In every case the goal of the data lab was identical — to improve public services using evidence-based decision-making which, in many cases, leveraged administrative data. But, beyond the goal, the models differ and we endeavor to evaluate the pros and cons of different approaches. Models in the case studies can be broadly segregated by 1) “Owners” of the lab; 2) “Customers” of the lab; 3) Services they offer and 4) Source of their analytic talent

  1. “Owners” of the data lab: Defining whether the data lab is positioned inside government or outside is important since it informs several other design elements of the data lab. For example, a data lab inside government, such as WSIPP and the Justice Data Lab, tends to have comparatively easier access to data by virtue of being part of the government agency as opposed to those positioned outside, such as the California Policy Labs, who need to negotiate individual data sharing agreements with multiple agencies before they can access data. But, the former requires more buy-in from government to set up and works primarily on projects mandated by its parent agency while the latter model affords more freedom in terms of the research questions the data lab might want to pursue.
  2. “Customers” of the lab: Some data labs cater exclusively to government agencies while others cater to government, academic and, much rarer, are those labs that service NGOs, In other words, they facilitate analysis by the social sector to evaluate their programs.
  3. Services offered: Since there are many elements that go into improving the ease of use of administrative data, these labs include diverse services such ascleaning data sets, combining data sets from multiple sources, storing data in secure facilities, analyzing data and sharing the findings. While some data labs, like CPL and WSIPP, have the resources, capacity and talent to do all of these themselves, others, like the Justice Data Lab and the IDS sites in AISP’s network, are focussed on providing more specialised services. The Justice Data Lab, during its initial pilot, only used one database, the police national computer, to provide NGOs one service- impact evaluation in terms of re-offending rates. The IDS sites in AISP’s network are focussed on integrating data from various agencies, across counties and states in order to make it easy for researchers to generate insights.
  4. Source of analytic talent: The talent gap is one of the primary issues faced by both government agencies as well as by NGOs. Broadly, there are two ways to fill this gap. In either case, the solution is not simply to have a group of data analysts or researchers who can perform statistical operations on datasets. They should also be able to generate useful and relevant insights from the results. This talent can come either from hiring full time data analysts, like in the case of the Justice Data Lab or by partnering with local universities and leveraging the skills of the faculty and researchers there as is the case with the California Policy Lab.

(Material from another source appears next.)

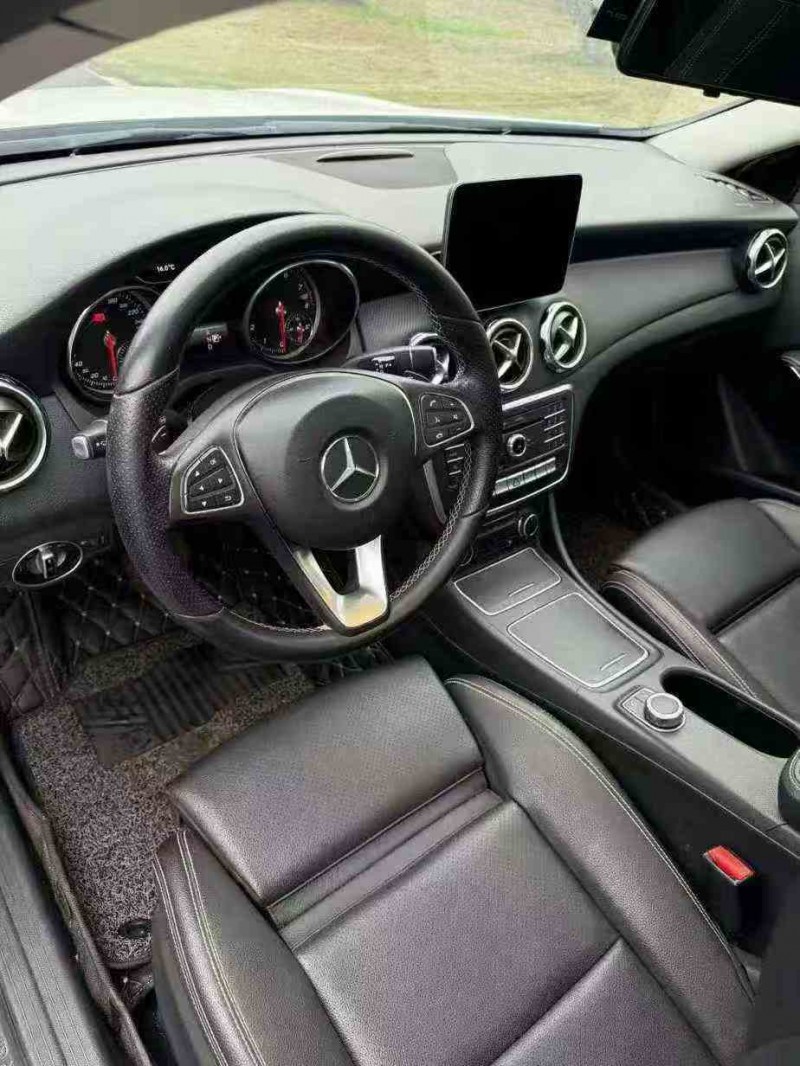 貴港18年奔馳GLA4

Cutting across jurisdictions and implementation models there was overwhelming agreement that the technology (both statistical tools as well as storage infrastructure) only creates opportunity but not the motivation and capacity to undertake evidence-based decision making. The importance of the human capital in setting up these labs, according to Fred Wulcyzn, Senior Research Fellow at Chapin Hall in Chicago, is generally understated. The aim of the data labs, apart from merely providing their services, is to lower the barrier of entry for individuals who want to be engaged in using administrative data for improving public programs and tackling difficult problems. In other words, to fill the talent gap highlighted earlier.

A multiplicity of factors contributes to the ability to stand up a data lab. The availability of relevant administrative data-sets, buy-in from government agencies to share data and from analysts to use it, as well as clearly defined frameworks regarding the ethical and responsible use of these data-sets are important enablers of the creation of a data lab.

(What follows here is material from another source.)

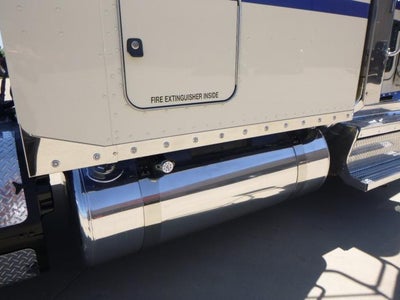 2022 Peterbilt 389 Base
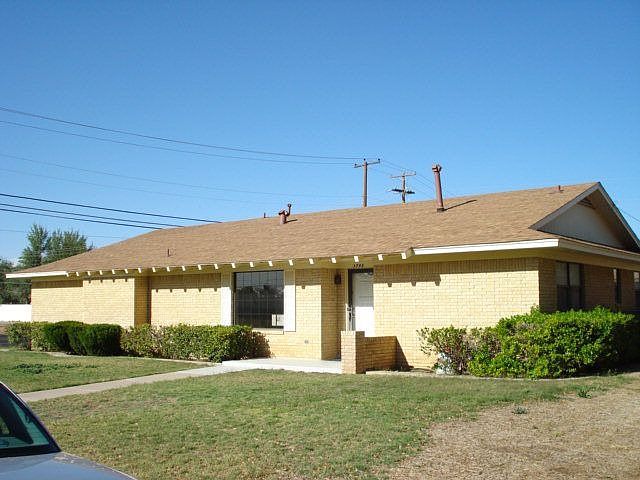 1st image of 3748 Fairmont Dr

A multiplicity of factors contributes to the ability to stand up a data lab. The availability of relevant administrative data-sets, buy-in from government agencies to share data and from analysts to use it, as well as clearly defined frameworks regarding the ethical and responsible use of these data-sets are important enablers of the creation of a data lab.

What are the Enabling Conditions for the Creation and Successful Operation of a Data/Policy Lab?

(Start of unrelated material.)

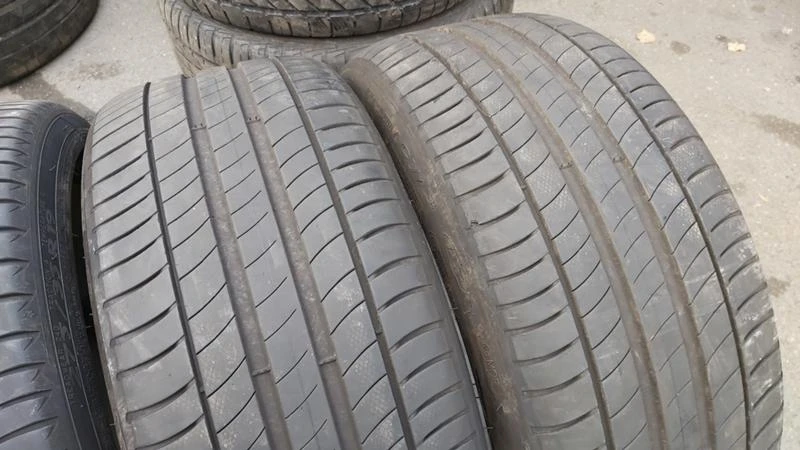 Гуми Летни 275/35R19, снимка 3 - Гуми и джанти - 27409854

Government and Researcher Buy-in

“Often the people most interested in research, do not have the relevant data,” said Evan White, executive director at CPL-Berkeley, “and the people charged with stewarding the data do not have the resources to pursue research.”

The conundrum that people interested in doing research do not have access to the data and those with access to the data are not doing research is a familiar sentiment that resonates across the labs we studied. According to New Philanthropy Capital, the think tank behind the UK Justice Data Lab model, political support is one of the key criteria required to set up a data lab. WSIPP was set up when the state legislature was convinced of the need for evidence-based policy making while the Rhode Island Innovation Policy Lab (RIIPL) was set up for similar reasons (in the Rhode Island governor’s office). Since government is the data owner, it is of paramount importance that the relevant agency agrees to make the data available in a form suitable for analysis.

But that’s only one half of the equation. It is equally important that there are analysts who are available and willing to perform these evaluations. In some cases, the analytic talent comes from full time data analysts while in others, university faculty and researchers contribute their skills. Especially in the case of labs where the analytic talent comes from university faculty and researchers, there needs to be sufficient overlap between their field of research and the focus area of the data lab, failing which they will have little incentive to devote their time and skills to the lab.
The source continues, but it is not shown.